*** AVAILABLE DATA Section Begins ***

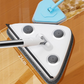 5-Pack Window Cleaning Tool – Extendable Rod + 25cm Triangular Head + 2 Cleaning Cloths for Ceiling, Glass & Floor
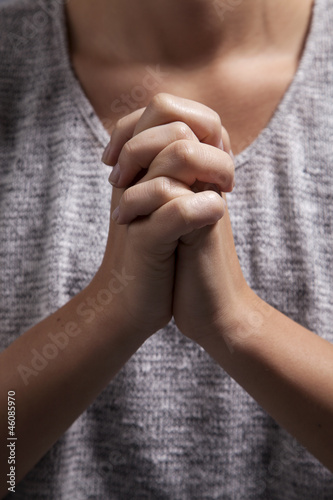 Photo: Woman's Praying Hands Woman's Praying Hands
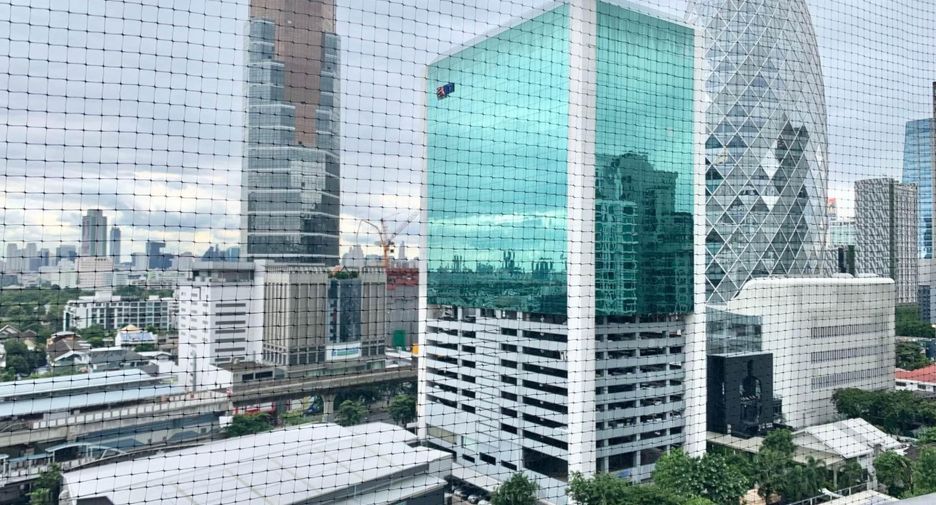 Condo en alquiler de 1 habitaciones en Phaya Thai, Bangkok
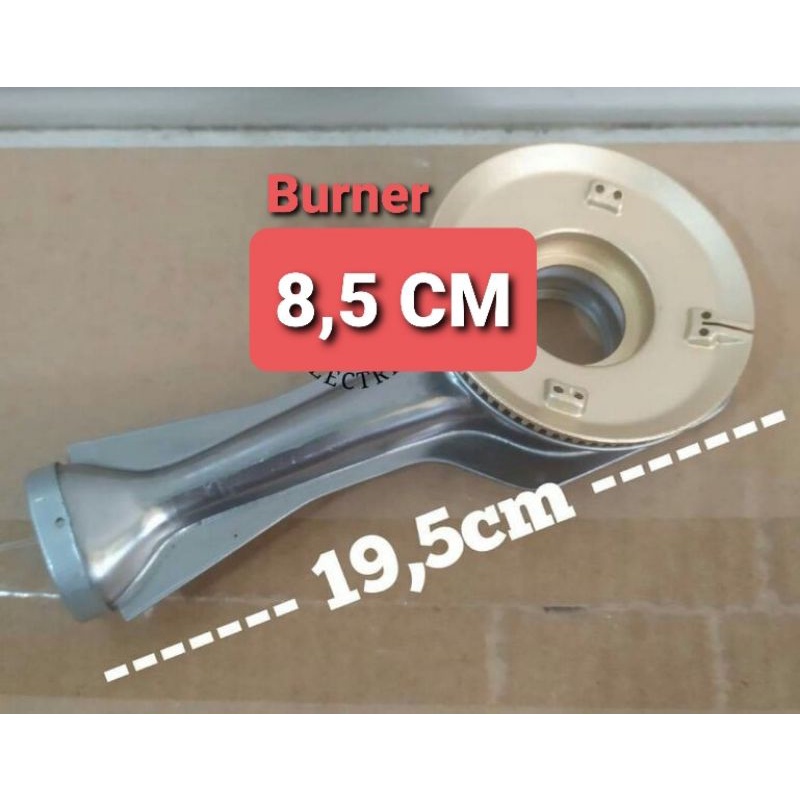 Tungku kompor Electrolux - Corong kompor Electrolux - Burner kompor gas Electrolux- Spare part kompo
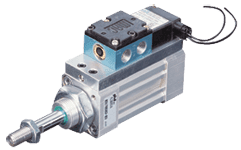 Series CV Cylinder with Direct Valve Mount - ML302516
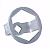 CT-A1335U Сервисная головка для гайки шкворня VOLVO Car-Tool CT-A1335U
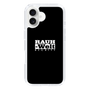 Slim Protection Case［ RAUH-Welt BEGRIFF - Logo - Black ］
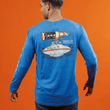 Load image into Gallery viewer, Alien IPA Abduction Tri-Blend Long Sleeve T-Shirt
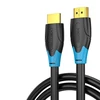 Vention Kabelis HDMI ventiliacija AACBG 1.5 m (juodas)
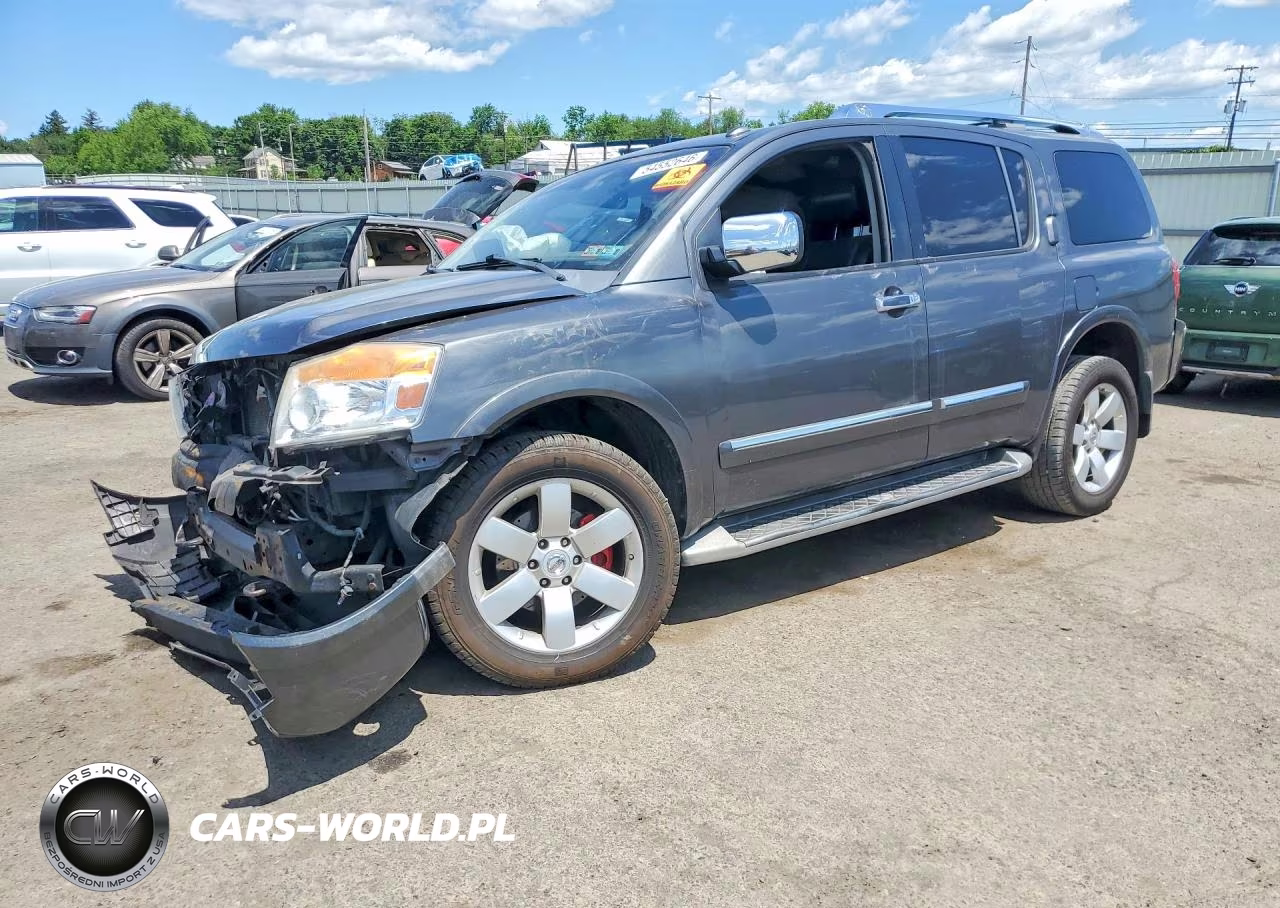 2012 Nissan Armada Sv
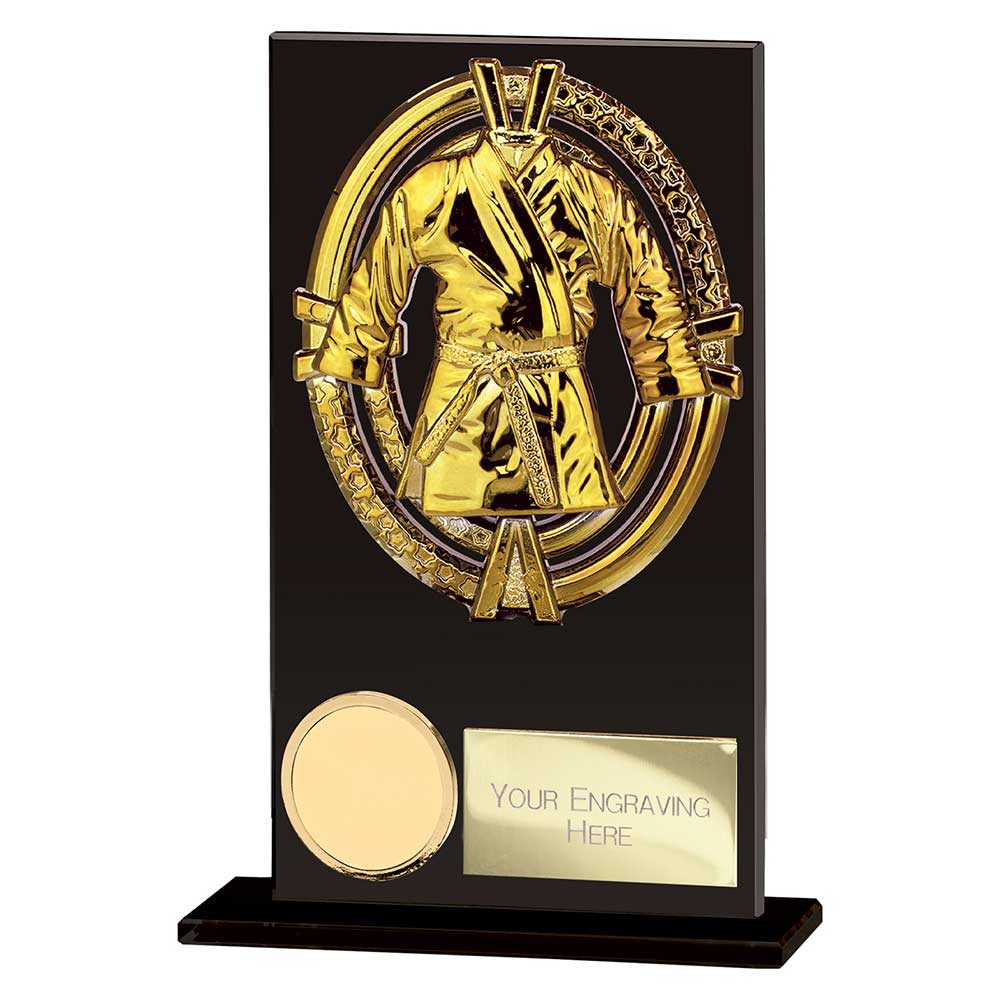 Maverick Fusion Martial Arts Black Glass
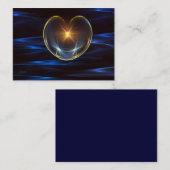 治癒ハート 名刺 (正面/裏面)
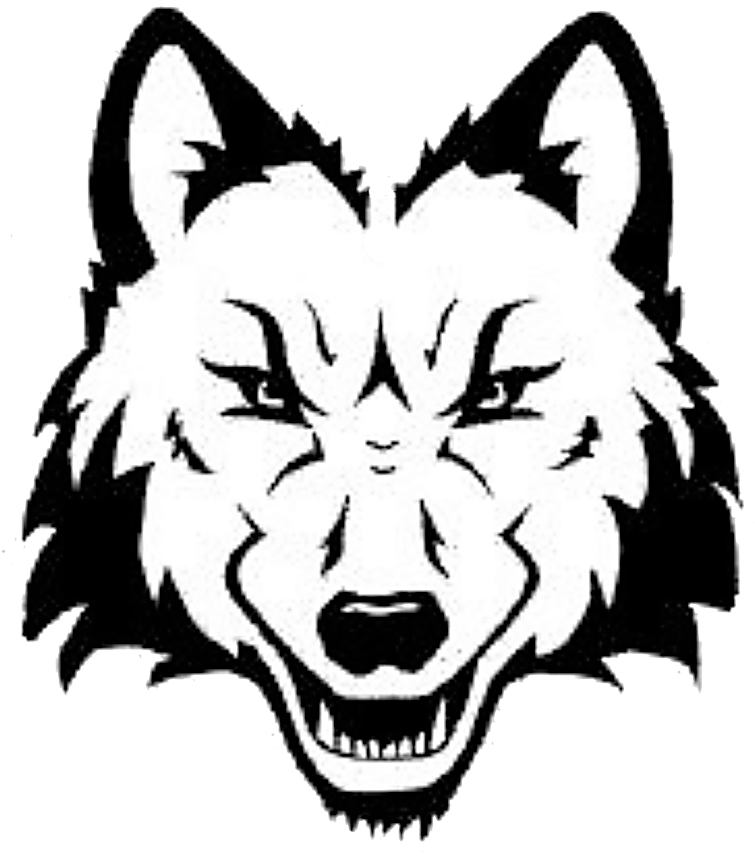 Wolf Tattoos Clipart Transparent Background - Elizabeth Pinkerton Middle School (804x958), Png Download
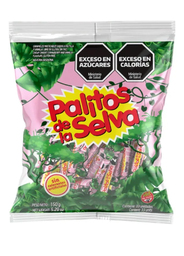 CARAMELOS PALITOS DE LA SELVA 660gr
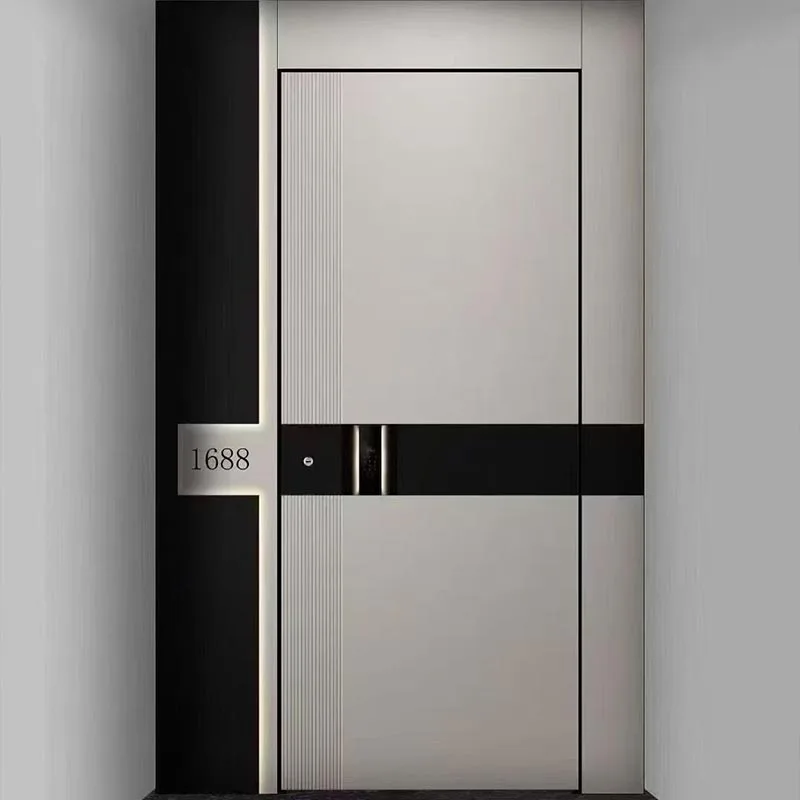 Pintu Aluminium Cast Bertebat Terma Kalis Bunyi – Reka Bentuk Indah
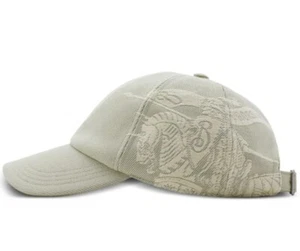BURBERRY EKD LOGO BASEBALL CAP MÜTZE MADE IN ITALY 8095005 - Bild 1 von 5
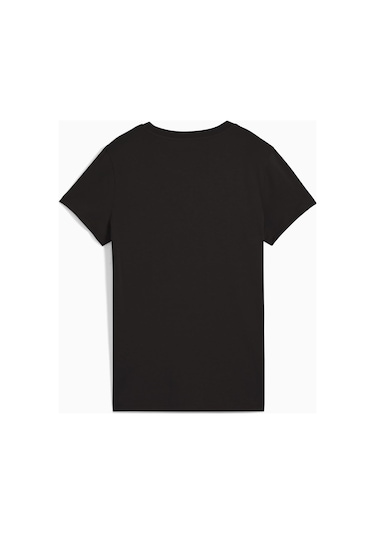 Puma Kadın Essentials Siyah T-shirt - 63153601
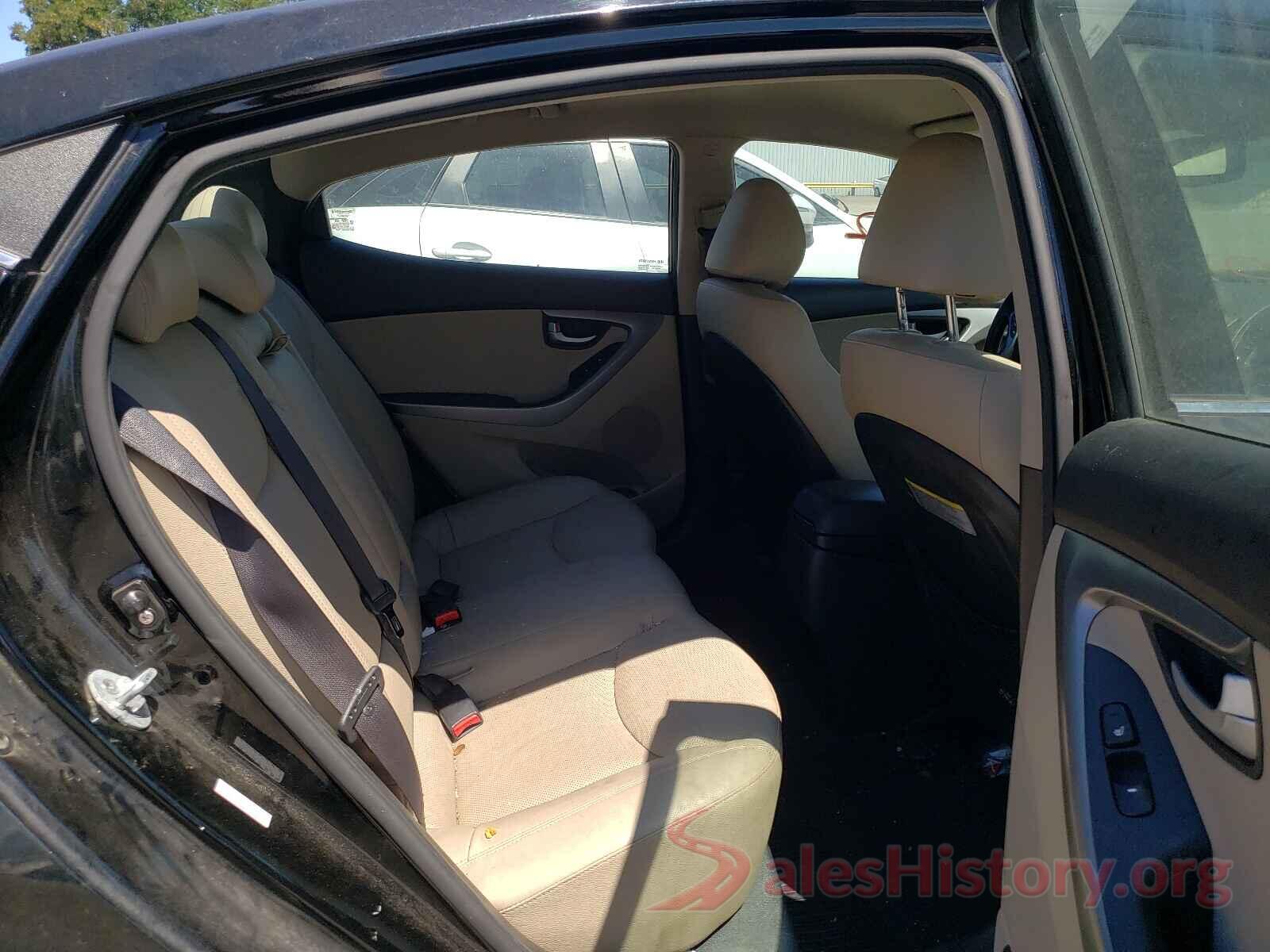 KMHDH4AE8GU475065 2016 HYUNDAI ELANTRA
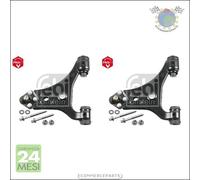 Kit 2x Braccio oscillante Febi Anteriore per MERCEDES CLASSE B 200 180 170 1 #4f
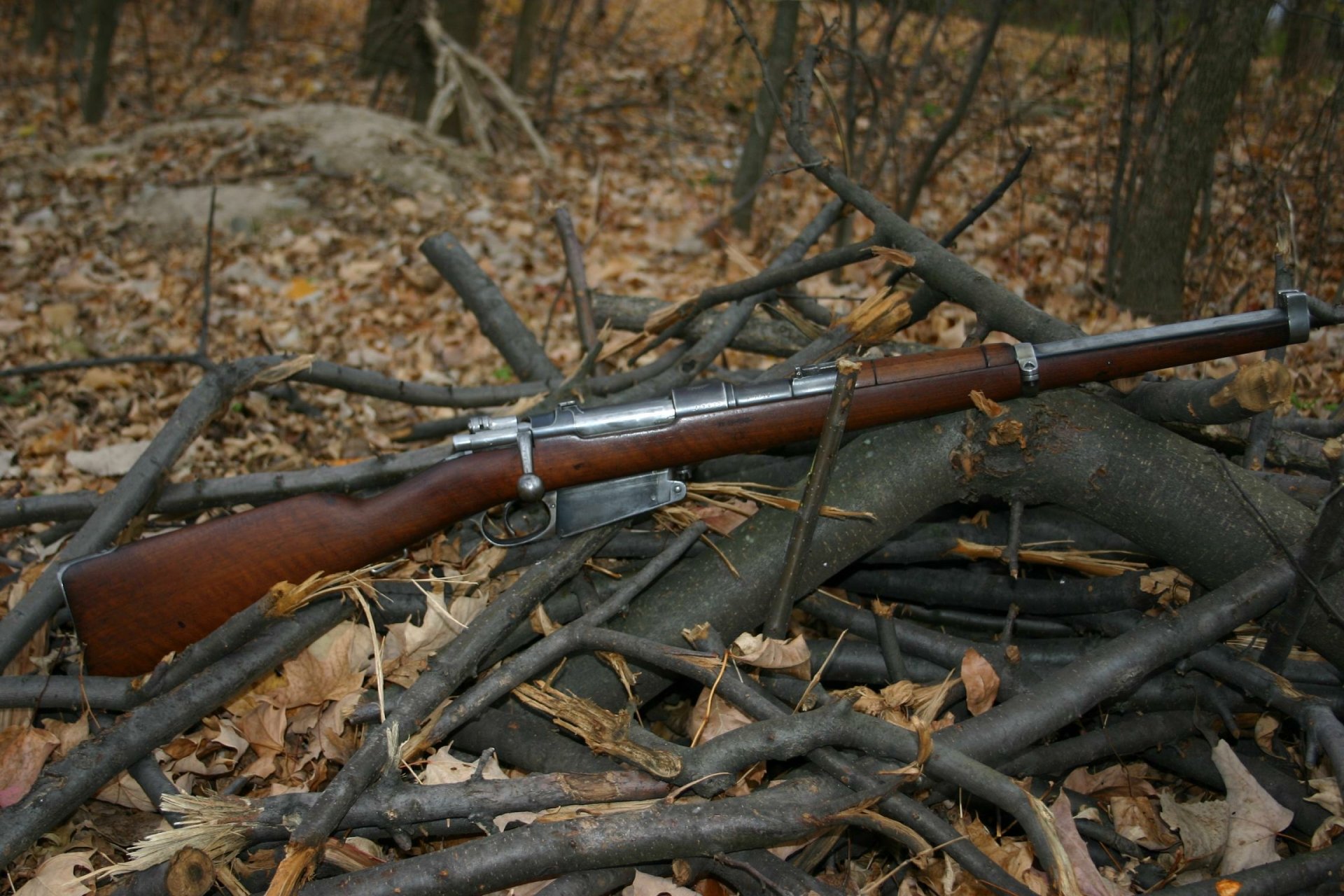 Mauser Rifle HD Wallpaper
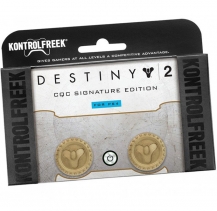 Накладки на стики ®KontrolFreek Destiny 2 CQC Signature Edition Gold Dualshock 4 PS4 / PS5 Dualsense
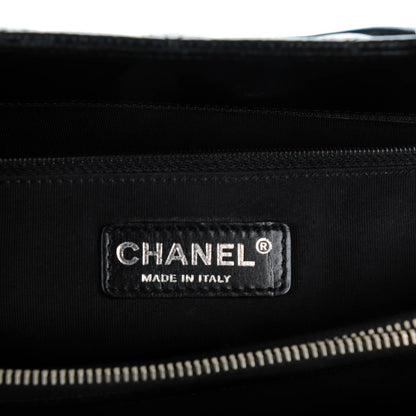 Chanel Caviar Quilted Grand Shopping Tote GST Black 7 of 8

*** AVAILABLE DATA Section Ends ***

→ **WHAT TO WORK ON**:
Return every entry above exactly as written, with no pictures included.

→ **ANSWER TO THIS TASK**:
 5-Pack Window Cleaning Tool – Extendable Rod + 25cm Triangular Head + 2 Cleaning Cloths for Ceiling, Glass & Floor
 Photo: Woman's Praying Hands Woman's Praying Hands
 Condo en alquiler de 1 habitaciones en Phaya Thai, Bangkok
 Tungku kompor Electrolux - Corong kompor Electrolux - Burner kompor gas Electrolux- Spare part kompo
 Series CV Cylinder with Direct Valve Mount - ML302516
 CT-A1335U Сервисная головка для гайки шкворня VOLVO Car-Tool CT-A1335U
 Slim Protection Case［ RAUH-Welt BEGRIFF - Logo - Black ］
 Load image into Gallery viewer, Alien IPA Abduction Tri-Blend Long Sleeve T-Shirt
 Vention Kabelis HDMI ventiliacija AACBG 1.5 m (juodas)
 2012 Nissan Armada Sv
 Maverick Fusion Martial Arts Black Glass
 治癒ハート 名刺 (正面/裏面)
 Wolf Tattoos Clipart Transparent Background - Elizabeth Pinkerton Middle School (804x958), Png Download
 CARAMELOS PALITOS DE LA SELVA 660gr
 Pintu Aluminium Cast Bertebat Terma Kalis Bunyi – Reka Bentuk Indah
BURBERRY EKD LOGO BASEBALL CAP MÜTZE MADE IN ITALY 8095005 - Bild 1 von 5
 Puma Kadın Essentials Siyah T-shirt - 63153601
 KMHDH4AE8GU475065 2016 HYUNDAI ELANTRA
 Kit 2x Braccio oscillante Febi Anteriore per MERCEDES CLASSE B 200 180 170 1 #4f
 Mauser Rifle HD Wallpaper
 Накладки на стики ®KontrolFreek Destiny 2 CQC Signature Edition Gold Dualshock 4 PS4 / PS5 Dualsense
 Chanel Caviar Quilted Grand Shopping Tote GST Black 7 of 8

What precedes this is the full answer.